Sementara itu, peneliti ekonomi Khaled Abu Amer mengatakan kepada Al Jazeera Net bahwa “pembukaan kembali cabang bank di Gaza merupakan langkah penting untuk menghidupkan kembali sistem keuangan, tetapi belum cukup untuk mencapai tujuan ekonomi yang diharapkan selama krisis uang tunai masih berlanjut.”
Ia menjelaskan bahwa layanan perbankan tidak dapat berfungsi secara efektif tanpa tersedianya likuiditas yang memungkinkan masyarakat melakukan penarikan dan penyetoran, menambahkan bahwa para pegawai dan pedagang menghadapi kesulitan besar dalam menjalankan pekerjaan dan memenuhi kewajiban harian mereka karena ketiadaan uang tunai.
Abu Amer menegaskan bahwa penyelesaian krisis ini memerlukan intervensi langsung dari Otoritas Moneter dan Kementerian Keuangan untuk mengalirkan uang tunai melalui saluran resmi dan mengoperasikan ATM secara bertahap, disertai kebijakan pengendalian pasar gelap guna memulihkan kepercayaan terhadap sektor perbankan.
Menurut Abu Amer, pemulihan cepat sistem keuangan dan perbankan akan berdampak positif pada proses rekonstruksi yang diperkirakan dimulai bertahap dalam beberapa minggu mendatang, sehingga Otoritas Moneter harus segera bertindak untuk mengaktifkan kembali bank serta memfasilitasi kerja perusahaan konstruksi tanpa hambatan logistik atau administratif.
Sikap Otoritas Moneter
Terkait krisis likuiditas tunai, Otoritas Moneter menegaskan kepada Al Jazeera Net bahwa masalah ini memerlukan serangkaian langkah, termasuk memperoleh banyak izin dan memenuhi kebutuhan di bidang keamanan serta logistik.
Krisis ini akan ditangani secara bertahap seiring membaiknya situasi dan meluasnya proses pengoperasian kembali cabang-cabang bank.
Otoritas Moneter menyatakan, “Kami terus melakukan upaya intensif bekerja sama dengan pihak terkait untuk memastikan masuknya uang tunai ke Gaza dan mengatasi krisis ini yang telah menyebabkan banyak penderitaan bagi warga selama masa perang.”

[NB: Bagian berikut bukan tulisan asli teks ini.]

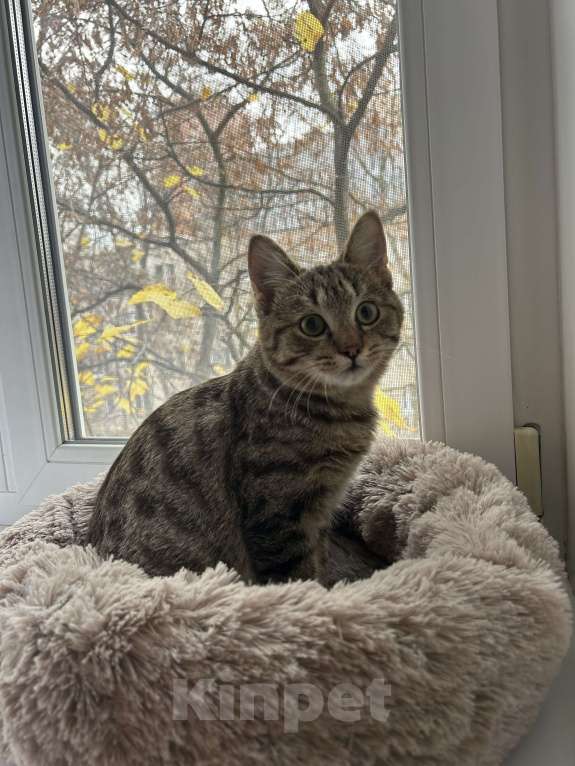 Кошки в Москве: Малыш в добрые руки  Мальчик, 500 руб. - фото 1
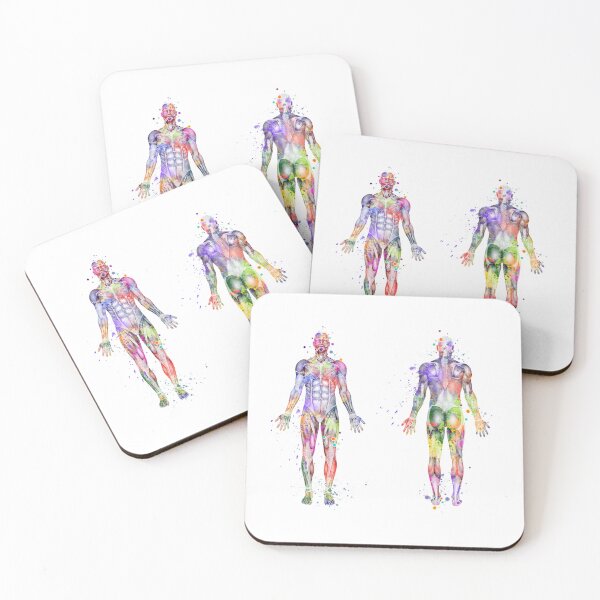 Item preview, Human Body Muscles Watercolor designed and sold by LotusGifts.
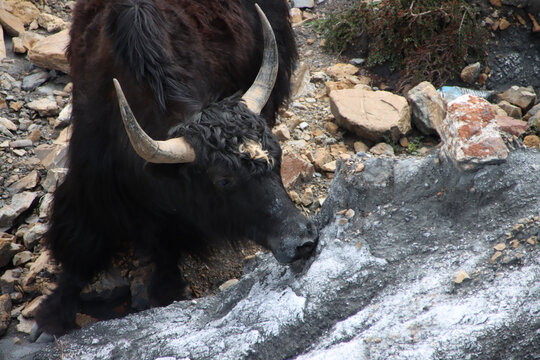 川西高原牦牛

Mereka menambahkan, “Kami bekerja sama dengan bank-bank untuk menerapkan rencana operasional bertahap yang menjamin tersedianya layanan keuangan bagi masyarakat secara aman dan teratur. Tahap transisi ini dikelola melalui kombinasi langkah lapangan dan pengawasan, dengan tujuan meringankan beban warga, memenuhi kebutuhan perbankan mereka, dan menciptakan kondisi agar siklus kehidupan finansial dapat kembali normal secara bertahap.”